But, he did get better. Slowly. And the family fed him and gave him new skins to wear. And he grew up with them and stayed for many years.

Then, one day, men came with guns. That was the custom in those days. Men with guns and horses would come and shoot any Bushman they could find. This they did, because the men didn’t think the Bushmen had the right to stay here. The boy – almost a  man now – ran towards the horsemen and tried to stop him. He told them his family had done nothing wrong and why are they shooting his brothers and sisters? Of course, he had no knowledge of the language of the horsemen, but they soon saw this boy wasn’t a Bushman. He was different. He was like them.

So the men on the horses said to themselves: this is very strange. And they took the boy with them and they stopped shooting.

Now that boy was taken to a big place near the sea, where he learnt to speak the language of the horsemen. His story of survival made him very popular. Then, one day, he got into a ship and sailed away to a far country. He never came back here.

“That’s a fascinating story, !Ka, but how does it relate to today’s events?”

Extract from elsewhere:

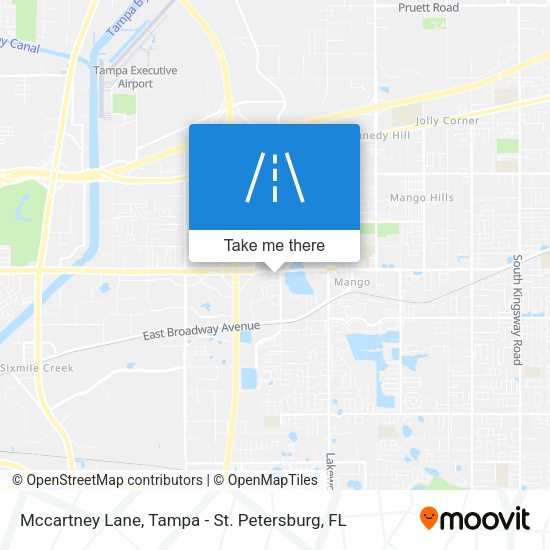 Mccartney Lane map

In the far country, the boy – who was a man by then – married a woman. They had a little girl. But over there (!Ka points to the south) the people of this country and the far country were fighting with each other. The far country made the man come here to fight. He didn’t want to. In the first fight he was involved in, he stood up to protest, just like he did when the horsemen came to kill his brothers and sisters. He died there.

His wife – in the far country – became ill. She coughed and coughed and died. Her daughter was put in a place with other children. One day a rich man came and took her away. She was happy there. And later, she married a man. They had a daughter, too: and she was your mother, Fanny.”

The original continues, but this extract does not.